[Assignment]: Write each line out exactly, from the one containing "Nigel Sylvester x" through the final line of the data, and keep pictures out of the copy.

[Web page caption snippets]:
○ ○ ○ ○ ○ ○ ○
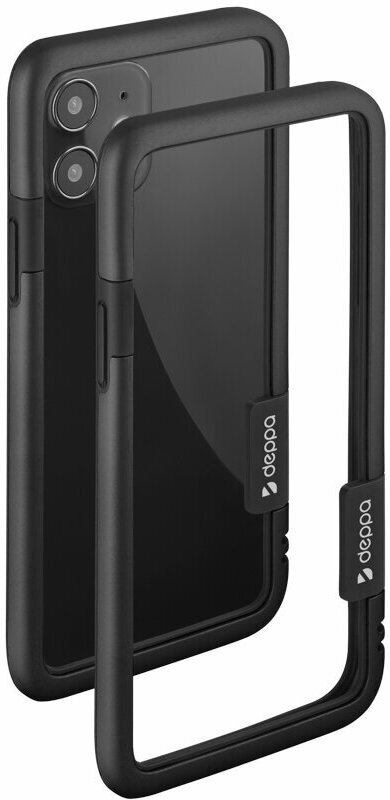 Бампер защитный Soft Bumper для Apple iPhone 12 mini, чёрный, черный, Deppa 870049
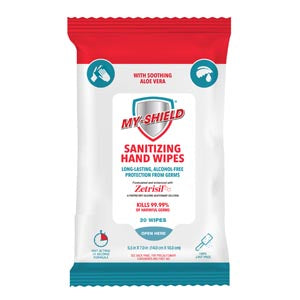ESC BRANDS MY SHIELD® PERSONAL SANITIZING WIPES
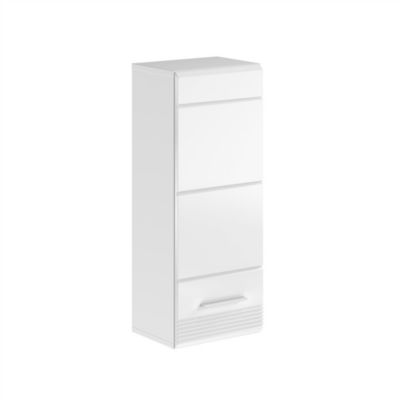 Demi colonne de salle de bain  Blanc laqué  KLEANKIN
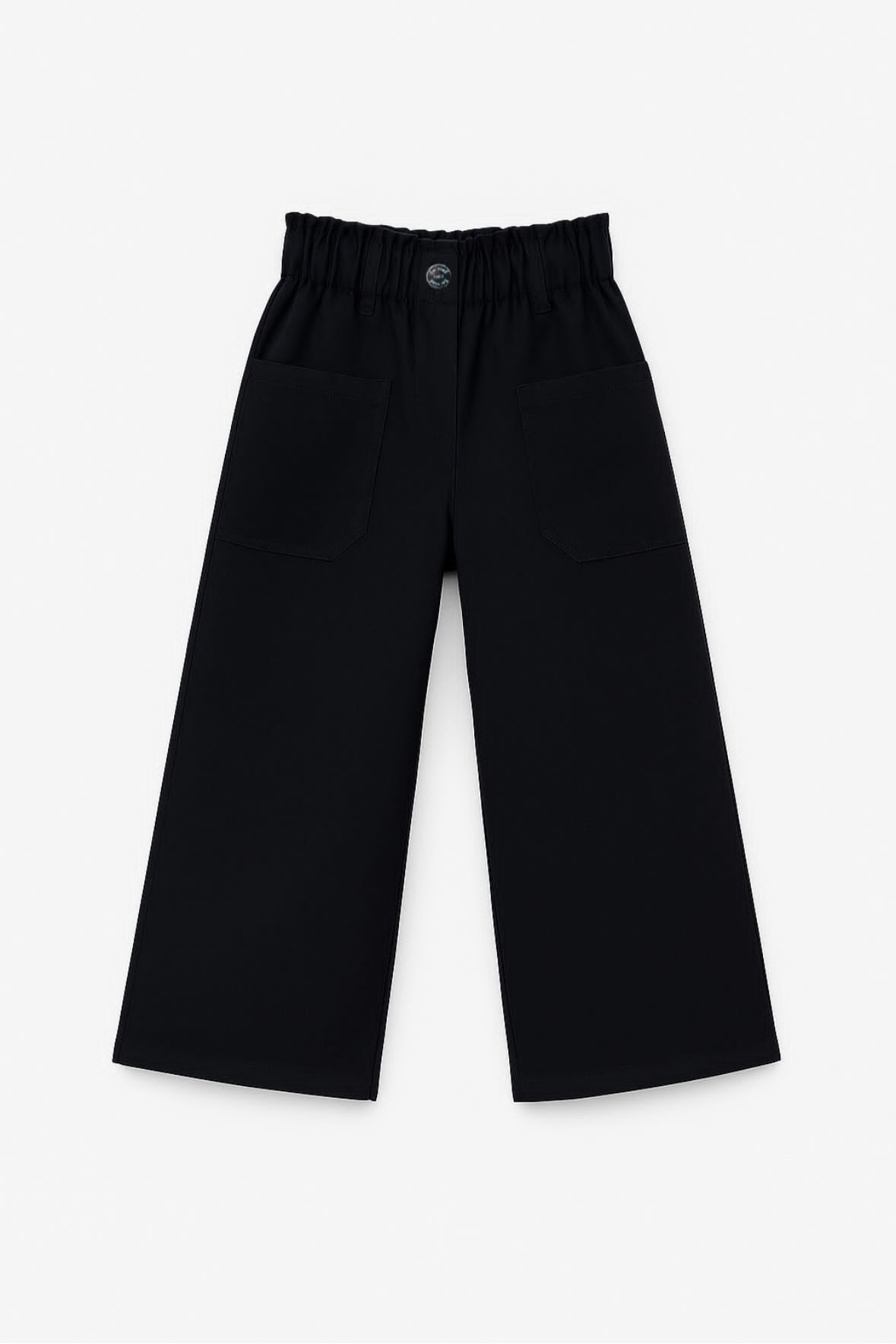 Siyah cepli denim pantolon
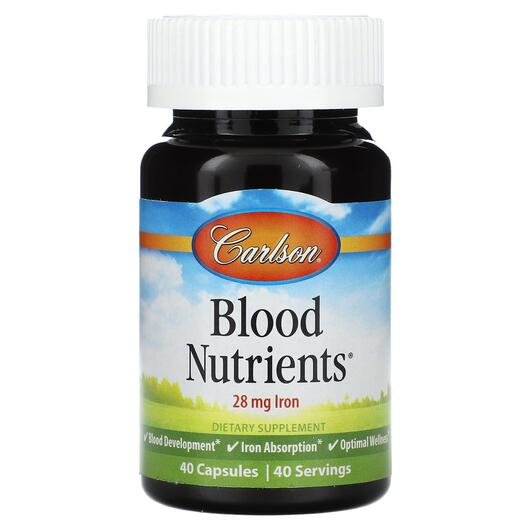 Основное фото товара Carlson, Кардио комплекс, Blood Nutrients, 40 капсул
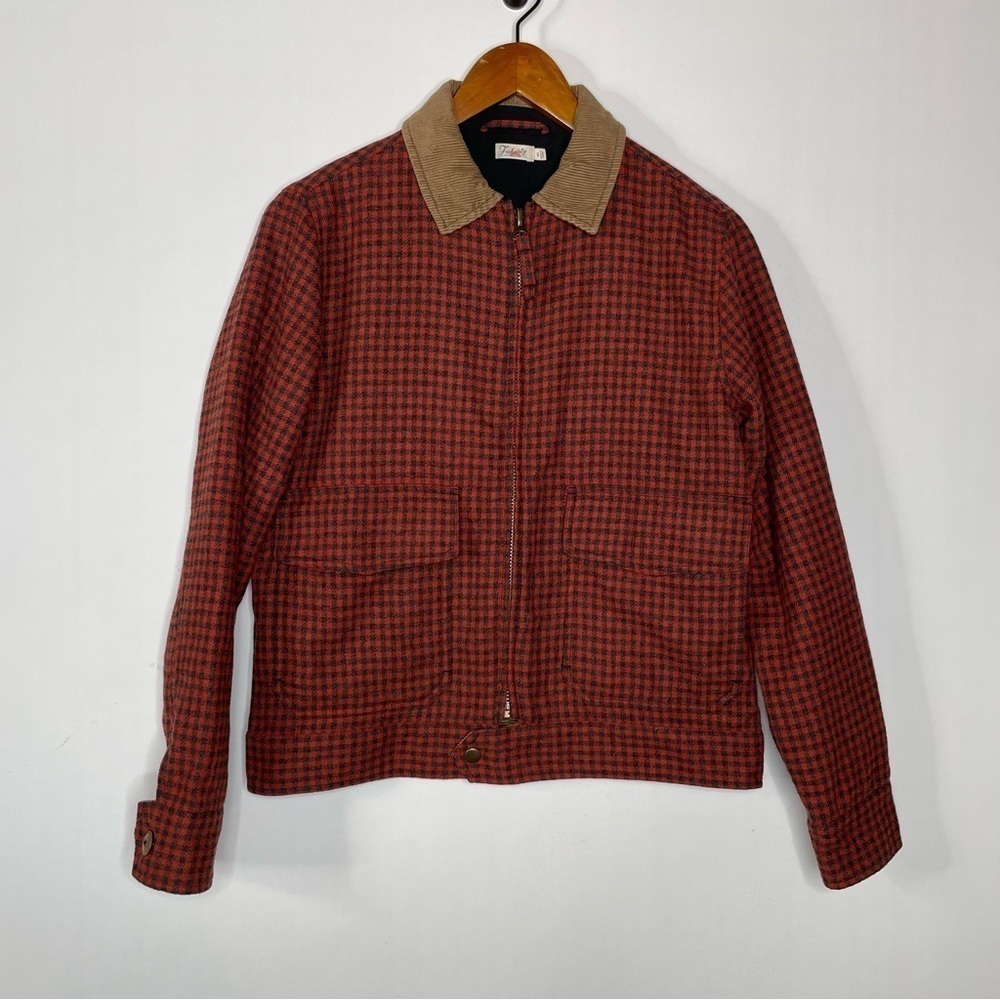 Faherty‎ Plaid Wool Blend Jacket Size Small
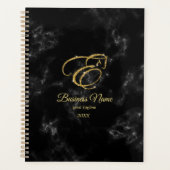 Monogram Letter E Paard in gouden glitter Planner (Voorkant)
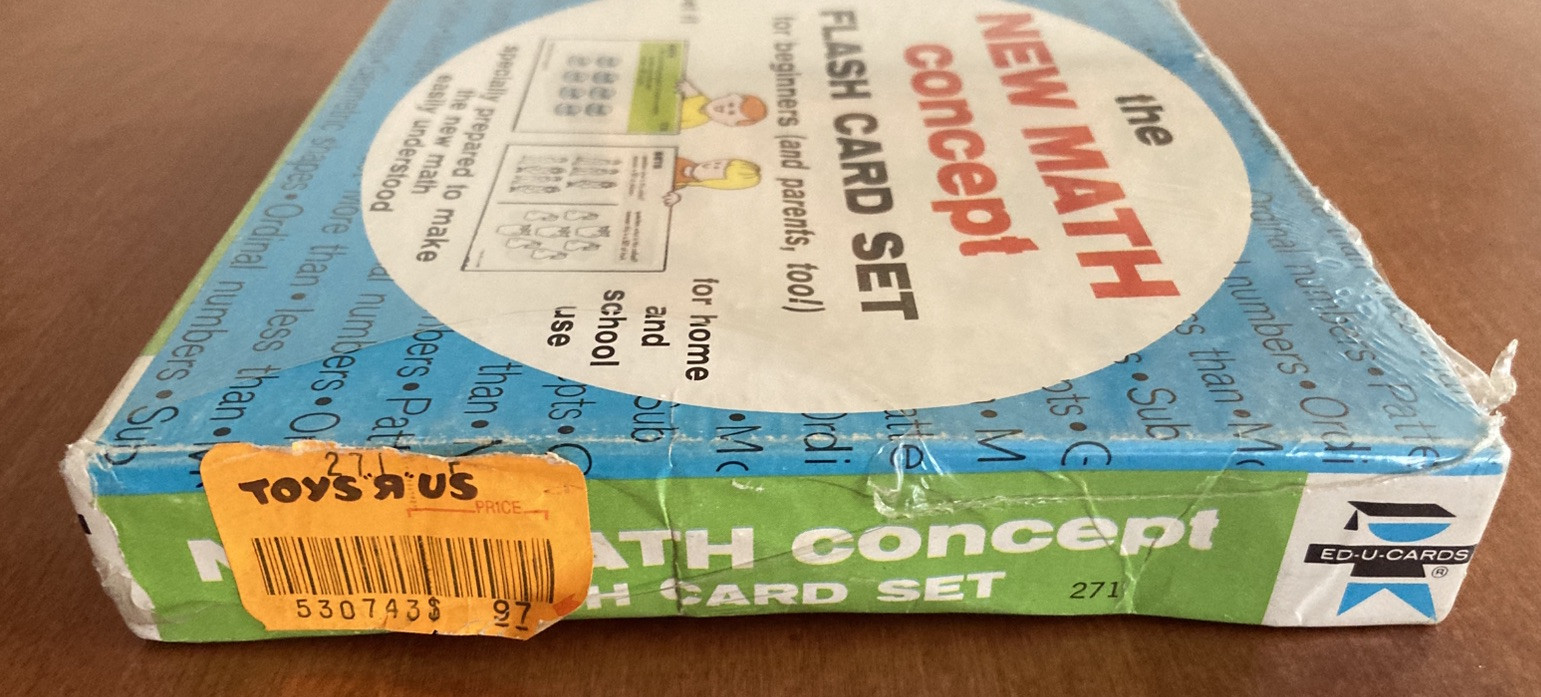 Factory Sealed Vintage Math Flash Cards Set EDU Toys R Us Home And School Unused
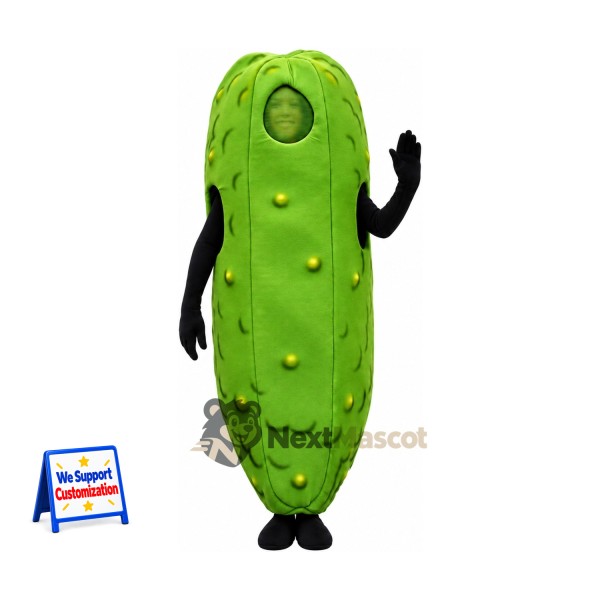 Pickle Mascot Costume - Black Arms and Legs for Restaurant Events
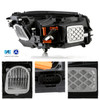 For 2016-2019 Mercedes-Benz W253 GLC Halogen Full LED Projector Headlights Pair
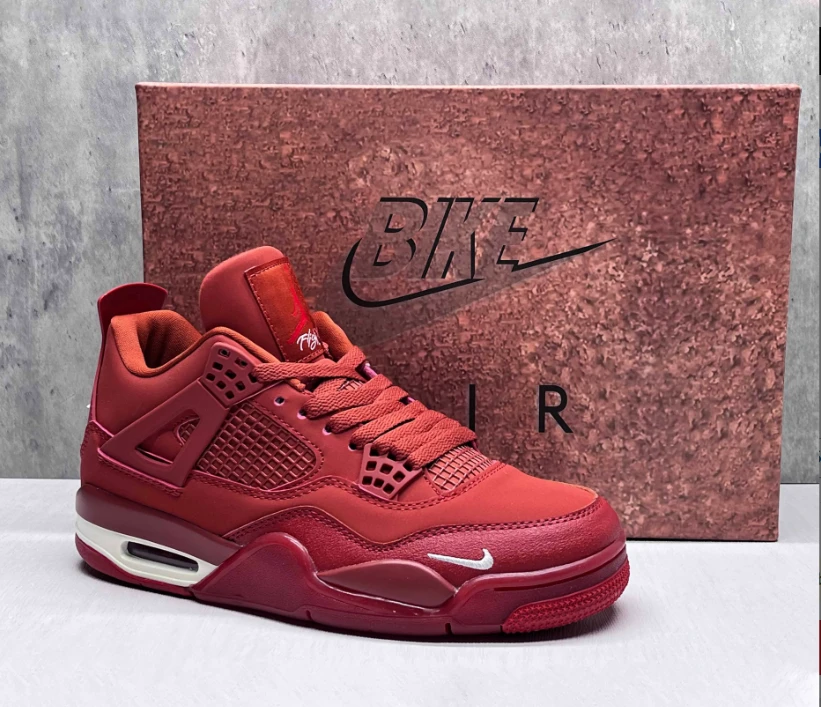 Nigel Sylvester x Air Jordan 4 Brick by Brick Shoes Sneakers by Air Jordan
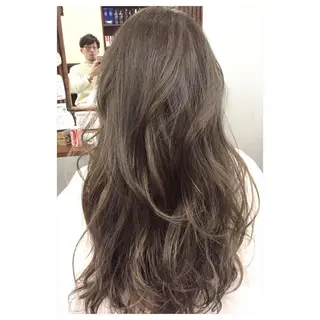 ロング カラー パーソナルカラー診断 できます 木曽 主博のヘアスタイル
○ ○ ○ ○ ○ ○ ○
[Response to this exercise]:
 Nigel Sylvester x Air Jordan 4 Brick by Brick Shoes Sneakers by Air Jordan
 ロング カラー パーソナルカラー診断 できます 木曽 主博のヘアスタイル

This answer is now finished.